Hierarchical generative models. Instead of flat transformers, we need deep hierarchies where each level predicts the level below. Prediction errors flow upward, predictions flow downward. Most processing happens locally, where only unresolved surprises escalate.
Active sampling. Systems that choose what to observe based on expected information gain. Don't process the whole image, concentrate on the uncertain regions. Don't read the whole document, just attend to the passages that resolve current questions.
Embodied inference. The cheapest way to reduce uncertainty is often action: moving in, manipulating and probing the environment. Active inference naturally unifies perception and action because both serve the same objective: prediction error minimization.
This isn't speculative. Research groups are building these systems now. Spiking predictive coding networks running on low-power microcontrollers. Neuromorphic chips implementing free energy minimization in analog circuits. Active vision systems that sample scenes intelligently rather than processing everything.
The results are pretty cool IMO: orders of magnitude reduction in energy consumption for equivalent task performance. Not just incremental improvements but fundamental efficiency gains that come from a fundamentally different approach to intelligence.
The Second Law
The foundation model paradigm that focuses on scaling parameters, data, and compute, has produced incredible outputs. I've been shocked and surprised. (I admit to having been on the skeptical side of what transformers could achieve). Even so, it's running into physics. Data centers are becoming power plants. Inference costs are becoming unsustainable (ish?). This transformer trajectory doesn't lead to ubiquitous intelligence IMO, but it will lead to overly centralized intelligence rationed by energy cost.
Active inference has the potential to bring us a different future where intelligence operates efficiently within thermodynamic constraints rather than against them. Intelligence that can run on harvested solar power, on body heat, or on the minimal energy available at the edge of the network.
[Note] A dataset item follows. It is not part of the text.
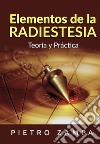 Elementos de la radiestesia. Teoría y práctica libro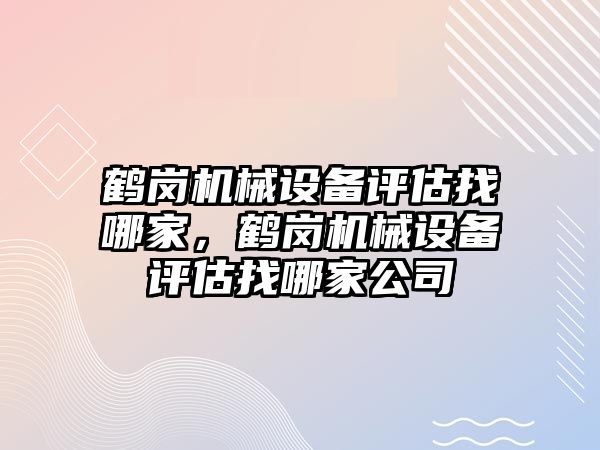 鶴崗機械設(shè)備評估找哪家，鶴崗機械設(shè)備評估找哪家公司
The companies building with this approach are reimagining what computation for intelligence looks like. The primary reason is that they believe foundation models will bump up against cognition limits, but they also understand that in the near future energy will be the binding constraint. They're taking seriously how the brain functions and using it as an existence proof that general intelligence can run on 20 watts.
So far, the scaling era gave us truly awesome capabilities. The efficiency era will, I hope, give us broad decentralized deployment. And the path from here to there runs through the mathematics that biology discovered first: minimize free energy, minimize surprise, minimize the thermodynamic cost of thought.
The brain didn't evolve to maximize accuracy. It evolved to minimize regret given scarce metabolic resources. That's the optimization target we should be pursuing. Not "how smart can we make it?" but "how smart can we make it per joule?"
Active inference answers that question. The problem is that foundation models don't even ask it.